Some people in this forum have claimed that we cannot define mass without defining the energy of the vacuum and "boundary conditions". This seems to ignore the fact that we can measure mass simply using force and acceleration, under non-relativistic conditions.

My conventional explanation above for the mass of hydrogen has actually been downvoted in other threads multiple times as being simply "wrong". I challenge the downvoters to provide an alternate calculation.

So my main question is: Can one make a gauge-invariant calculation of the mass of a hydrogen atom, and, if so, how exactly?
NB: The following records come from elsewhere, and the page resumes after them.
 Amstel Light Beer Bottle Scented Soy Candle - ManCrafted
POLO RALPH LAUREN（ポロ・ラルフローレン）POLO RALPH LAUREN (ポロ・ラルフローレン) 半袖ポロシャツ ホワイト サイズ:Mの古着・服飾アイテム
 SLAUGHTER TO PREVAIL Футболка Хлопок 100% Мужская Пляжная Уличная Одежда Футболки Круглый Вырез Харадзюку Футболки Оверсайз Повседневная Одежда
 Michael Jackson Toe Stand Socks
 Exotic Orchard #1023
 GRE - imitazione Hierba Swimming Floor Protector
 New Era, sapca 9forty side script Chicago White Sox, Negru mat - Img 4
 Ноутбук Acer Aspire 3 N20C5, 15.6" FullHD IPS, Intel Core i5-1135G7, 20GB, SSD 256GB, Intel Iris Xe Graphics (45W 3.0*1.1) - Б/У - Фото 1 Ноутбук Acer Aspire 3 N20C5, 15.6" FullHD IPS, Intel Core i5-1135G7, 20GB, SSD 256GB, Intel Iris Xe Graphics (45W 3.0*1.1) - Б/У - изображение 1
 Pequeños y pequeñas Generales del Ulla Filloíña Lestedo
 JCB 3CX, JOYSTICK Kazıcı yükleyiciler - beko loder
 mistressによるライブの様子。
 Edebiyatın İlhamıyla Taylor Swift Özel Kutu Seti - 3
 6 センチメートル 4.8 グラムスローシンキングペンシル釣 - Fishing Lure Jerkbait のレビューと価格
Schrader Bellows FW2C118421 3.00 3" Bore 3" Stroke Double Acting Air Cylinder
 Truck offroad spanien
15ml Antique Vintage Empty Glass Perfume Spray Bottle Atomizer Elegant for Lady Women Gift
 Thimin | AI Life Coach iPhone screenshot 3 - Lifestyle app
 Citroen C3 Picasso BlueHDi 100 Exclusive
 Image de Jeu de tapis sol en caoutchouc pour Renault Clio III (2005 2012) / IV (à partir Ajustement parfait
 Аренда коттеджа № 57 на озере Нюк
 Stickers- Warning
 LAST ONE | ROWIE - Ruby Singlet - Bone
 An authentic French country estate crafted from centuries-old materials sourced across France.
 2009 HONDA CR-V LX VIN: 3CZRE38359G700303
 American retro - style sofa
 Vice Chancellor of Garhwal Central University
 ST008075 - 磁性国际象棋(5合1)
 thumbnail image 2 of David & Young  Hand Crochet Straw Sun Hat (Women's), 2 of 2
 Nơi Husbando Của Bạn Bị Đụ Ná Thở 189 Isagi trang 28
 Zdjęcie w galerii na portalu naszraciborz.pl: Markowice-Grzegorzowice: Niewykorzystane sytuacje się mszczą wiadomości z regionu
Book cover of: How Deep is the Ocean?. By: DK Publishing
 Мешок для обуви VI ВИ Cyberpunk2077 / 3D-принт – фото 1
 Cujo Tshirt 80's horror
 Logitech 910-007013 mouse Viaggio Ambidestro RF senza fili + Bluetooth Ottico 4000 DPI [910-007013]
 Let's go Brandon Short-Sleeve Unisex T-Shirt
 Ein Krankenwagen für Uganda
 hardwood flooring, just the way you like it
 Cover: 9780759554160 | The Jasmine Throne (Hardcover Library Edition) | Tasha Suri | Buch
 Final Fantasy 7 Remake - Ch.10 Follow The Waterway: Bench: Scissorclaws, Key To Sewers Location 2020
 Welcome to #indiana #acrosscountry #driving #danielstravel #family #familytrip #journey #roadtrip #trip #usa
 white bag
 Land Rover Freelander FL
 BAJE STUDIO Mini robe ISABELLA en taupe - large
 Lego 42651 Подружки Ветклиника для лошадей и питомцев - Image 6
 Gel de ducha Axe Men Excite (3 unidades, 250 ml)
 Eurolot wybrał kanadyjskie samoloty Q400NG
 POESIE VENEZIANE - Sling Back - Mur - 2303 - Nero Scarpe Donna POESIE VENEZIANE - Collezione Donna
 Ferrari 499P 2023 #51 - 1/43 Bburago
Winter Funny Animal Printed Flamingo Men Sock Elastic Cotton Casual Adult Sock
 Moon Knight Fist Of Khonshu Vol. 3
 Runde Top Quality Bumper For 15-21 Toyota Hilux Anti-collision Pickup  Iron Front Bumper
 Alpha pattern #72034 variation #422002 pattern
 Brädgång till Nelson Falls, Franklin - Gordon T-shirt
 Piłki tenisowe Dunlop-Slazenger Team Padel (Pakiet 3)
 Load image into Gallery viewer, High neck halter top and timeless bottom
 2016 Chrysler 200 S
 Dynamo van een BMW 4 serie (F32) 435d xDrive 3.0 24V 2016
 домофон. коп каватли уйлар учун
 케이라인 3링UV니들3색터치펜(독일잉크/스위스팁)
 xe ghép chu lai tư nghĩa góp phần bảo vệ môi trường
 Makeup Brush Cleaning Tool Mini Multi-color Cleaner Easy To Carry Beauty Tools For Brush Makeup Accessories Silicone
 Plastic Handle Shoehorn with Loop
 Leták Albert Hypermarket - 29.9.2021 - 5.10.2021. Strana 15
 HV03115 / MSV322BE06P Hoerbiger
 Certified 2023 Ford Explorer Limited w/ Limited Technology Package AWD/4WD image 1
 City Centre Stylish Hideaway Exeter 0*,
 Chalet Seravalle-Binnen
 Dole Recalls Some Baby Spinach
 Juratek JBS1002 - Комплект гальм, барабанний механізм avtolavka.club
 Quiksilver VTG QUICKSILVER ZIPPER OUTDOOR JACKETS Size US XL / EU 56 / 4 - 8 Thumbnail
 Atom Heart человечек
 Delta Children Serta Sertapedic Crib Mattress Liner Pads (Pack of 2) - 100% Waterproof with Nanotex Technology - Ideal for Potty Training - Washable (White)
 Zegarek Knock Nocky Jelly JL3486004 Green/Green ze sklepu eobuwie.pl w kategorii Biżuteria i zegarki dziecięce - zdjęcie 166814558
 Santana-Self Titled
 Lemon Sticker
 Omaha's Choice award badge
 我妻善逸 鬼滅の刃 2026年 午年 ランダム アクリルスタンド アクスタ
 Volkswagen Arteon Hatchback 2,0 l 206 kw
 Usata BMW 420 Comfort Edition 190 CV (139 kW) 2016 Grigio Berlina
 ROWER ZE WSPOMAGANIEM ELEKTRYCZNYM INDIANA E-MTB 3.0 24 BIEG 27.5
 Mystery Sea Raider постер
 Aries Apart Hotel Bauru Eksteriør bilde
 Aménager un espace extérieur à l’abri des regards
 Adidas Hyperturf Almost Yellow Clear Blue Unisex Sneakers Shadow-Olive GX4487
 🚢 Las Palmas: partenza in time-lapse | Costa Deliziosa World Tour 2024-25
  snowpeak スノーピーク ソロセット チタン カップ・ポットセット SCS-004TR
• You should at least link to the question whose answer you are unhappy with, rather than expecting people to go looking. As it stands this reads as something of a rant along the lines of "I don't like what I was told and I'm going to keep asking until I get the answer I want.". – StephenG Dec 1 '18 at 22:23
• I am not looking for "better answers" to some question I have asked, because I have not previously asked any questions; I've only answered them. The comments challenging some of my answers have gotten too long and we need a place to resolve the issues. The original questions I was answering are not particularly relevant, but I am happy to provide them if you would like. – G. Smith Dec 1 '18 at 23:05
• I am trying to follow the reasoning here but having a hard time. I agree with Stephen that links to all of the previous discussions would be helpful. For example, I don't see how gauge dependence comes into this discussion. In your comments here: physics.stackexchange.com/questions/444248/… with Cham he says explicitly that rest mass is a gauge-independent property. Issues of boundary conditions are, as far as I understand, a separate thing. – Rococo Dec 1 '18 at 23:57
• Just a comment on the rest-mass formula for a point particle : $m_0 = \sqrt{E^2 - p^2}$ ($c = 1$ here). The $E$ that appears there does NOT contain any potential energy in it. It's the relativistic momentum in the "time dimension" : $E \equiv p^0 = E_0 + K$ (where $E_0 \equiv m_0$ is the rest-energy and $K$ is the kinetic energy). You may write $m_0 = \sqrt{(\mathcal{E} - U)^2 - p^2}$ if you wish, where $\mathcal{E} = E + U$ is a gauge-dependant expression of "total energy" and $U$ is the gauge-dependant potential energy ($E = \mathcal{E} - U$ is gauge-independant but frame-dependant!) – Cham Dec 2 '18 at 1:17
• This question arose from discussions in physics.stackexchange.com/questions/443105/… and physics.stackexchange.com/questions/444248/…. – G. Smith Dec 2 '18 at 5:11

As I said before, energy is not a gauge invariant quantity - loosely speaking it is "energy differences" that are, as explained in the field theory textbook I linked to you in an earlier thread.

When these neat arguments about adding masses/energies are taught in undergrad, obviously the correct thing for professors to do is gloss over the subtleties of correctly defining gauge invariant quantities. The argument you've given for the mass of the hydrogen atom is fine actually, it's just that all the things there are strictly speaking energy differences.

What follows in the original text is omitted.